E, no entanto, não foi apenas no campo da doutrina que ele se mostrou de uma flexibilidade desconcertante: “Grego, entre gregos, e judeu entre os judeus”, como ele mesmo usou dizer. Ele tem um bom tino prático concernente ao necessário – e ao impossível. Ele, que foi tão apegado à ortodoxia judaica, foi o primeiro a se opor veementemente a toda imposição da Lei judaica aos convertidos cristãos vindos de raça não judia. Ele insistiu – contra Pedro e o grupo menos conciliatório dos primeiros cristãos de Jerusalém – sobre o fato de que o cristão de origem não judia não ter de fazer a circuncisão nem de seguir a dieta judia. Ele escreveu a seus novos fiéis – semi-judeus; semi-gregos; romanos de origem duvidosa; Levantinos de todos os portos do Mediterrâneo: a todo esse mundo sem raça, aos quais ele está em vias de fazer a intermediação entre seu povo aguerrido a sua tradição, e o vasto mundo a conquistar -, enfim, para estes, ele diz que não há distinção entre “puros” e “impuros”; que lhes é permitido comer de tudo (“tudo o que encontrardes no mercado”, diria ele, se vivesse entre nós).

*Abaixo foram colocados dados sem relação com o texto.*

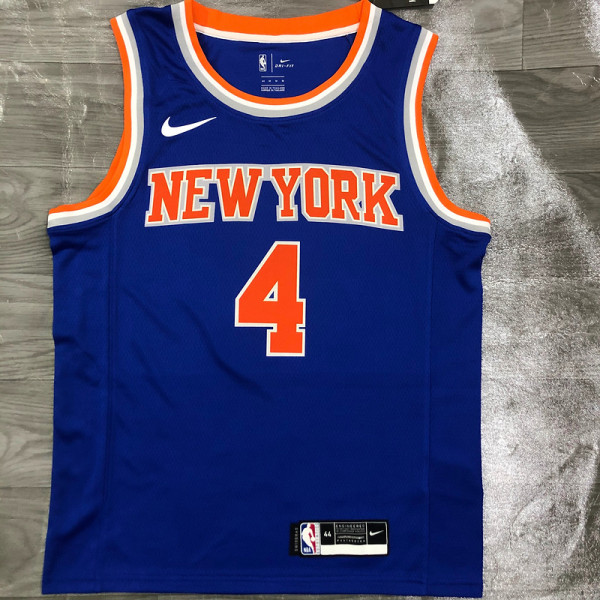 Men's Derrick Rose Blue 2020-21 Swingman Player Jersey - Icon Edition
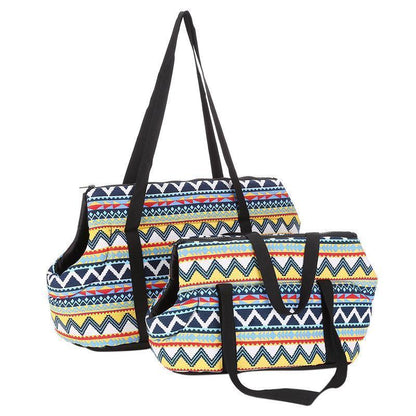 Lighteme Retro-Muster Haustiertasche mit schräger Öffnung (2 Größen)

Certamente ele sabia que, sem essas concessões, o cristianismo não poderia conquistar o ocidente – e, por tanto, Israel tampouco poderia esperar conquistar o mundo, por intermédio desse mesmo ocidente convertido.

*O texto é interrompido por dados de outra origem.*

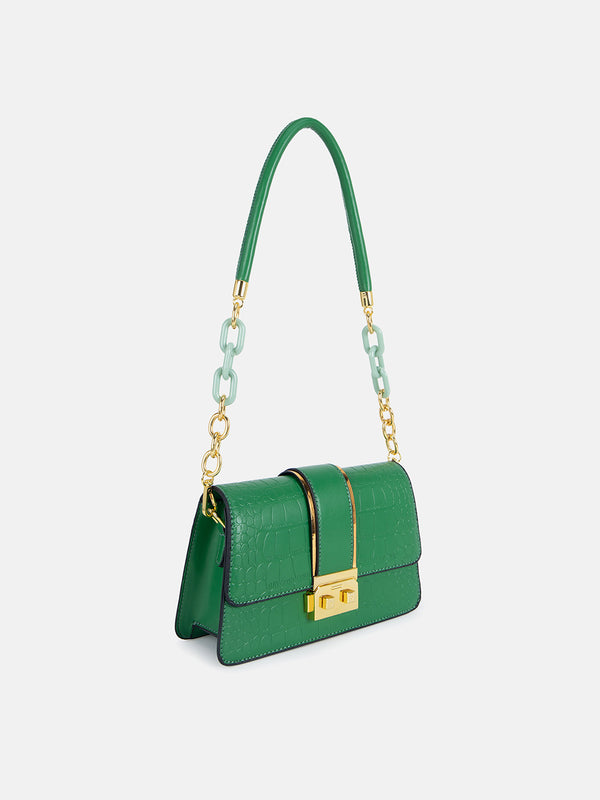 Croc Embossed Sling Bag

Pedro, por sua vez, que não era um judeu do “gueto”, e não conhecia nada das condições do mundo não-judaico, não desposava, ao menos num primeiro momento, as mesmas opiniões que Paulo. É também por isso que convém identificar na pessoa de Paulo, o verdadeiro fundador do Cristianismo histórico: o homem que fez dos ensinamentos puramente espirituais do profeta Jesus, a base de uma organização militante dentro do Tempo, cuja finalidade é, conscientemente, por parte deste apóstolo, obter a dominação de sua gente sobre um mundo moral decadente – e fisicamente bastardo; um mundo onde o amor mal compreendido dos homens conduziu à miscigenação indiscriminada das raças, e assim, à supressão de todo orgulho nacional – em uma palavra: à perversão “ampla, geral e irrestrita”.
São chegados os tempos dos “gentios” abrirem seus olhos a essa realidade, já duas vezes milenar; convém que se encare as causas de nossa combalida atualidade, e que se reaja conseqüentemente.
Escrito à Méadi (próximo do Cairo, Egito), em 18 de Junho de 1957.